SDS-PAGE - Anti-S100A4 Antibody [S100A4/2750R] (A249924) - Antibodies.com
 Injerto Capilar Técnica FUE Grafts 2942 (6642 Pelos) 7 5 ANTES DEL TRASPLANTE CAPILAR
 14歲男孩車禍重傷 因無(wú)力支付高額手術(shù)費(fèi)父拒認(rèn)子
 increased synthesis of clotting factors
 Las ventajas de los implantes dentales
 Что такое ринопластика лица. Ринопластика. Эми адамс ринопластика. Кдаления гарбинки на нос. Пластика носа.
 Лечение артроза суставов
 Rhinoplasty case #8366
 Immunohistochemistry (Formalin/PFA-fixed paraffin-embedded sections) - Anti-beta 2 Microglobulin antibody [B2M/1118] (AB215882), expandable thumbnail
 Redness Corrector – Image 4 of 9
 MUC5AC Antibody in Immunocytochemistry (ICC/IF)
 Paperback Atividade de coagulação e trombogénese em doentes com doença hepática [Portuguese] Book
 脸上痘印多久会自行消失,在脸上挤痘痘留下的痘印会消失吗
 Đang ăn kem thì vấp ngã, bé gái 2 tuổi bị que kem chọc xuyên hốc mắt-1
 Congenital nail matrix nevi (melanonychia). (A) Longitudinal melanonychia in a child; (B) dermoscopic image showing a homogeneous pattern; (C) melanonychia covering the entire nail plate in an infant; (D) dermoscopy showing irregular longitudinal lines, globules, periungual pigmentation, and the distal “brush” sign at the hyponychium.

# EXERCISE BRIEF:
Restate, word for word and with nothing added, the lines from the beginning of the records above through the line that contains "Rhinoplasty case #8366".

# SOLUTION:
SDS-PAGE - Anti-S100A4 Antibody [S100A4/2750R] (A249924) - Antibodies.com
 Injerto Capilar Técnica FUE Grafts 2942 (6642 Pelos) 7 5 ANTES DEL TRASPLANTE CAPILAR
 14歲男孩車禍重傷 因無(wú)力支付高額手術(shù)費(fèi)父拒認(rèn)子
 increased synthesis of clotting factors
 Las ventajas de los implantes dentales
 Что такое ринопластика лица. Ринопластика. Эми адамс ринопластика. Кдаления гарбинки на нос. Пластика носа.
 Лечение артроза суставов
 Rhinoplasty case #8366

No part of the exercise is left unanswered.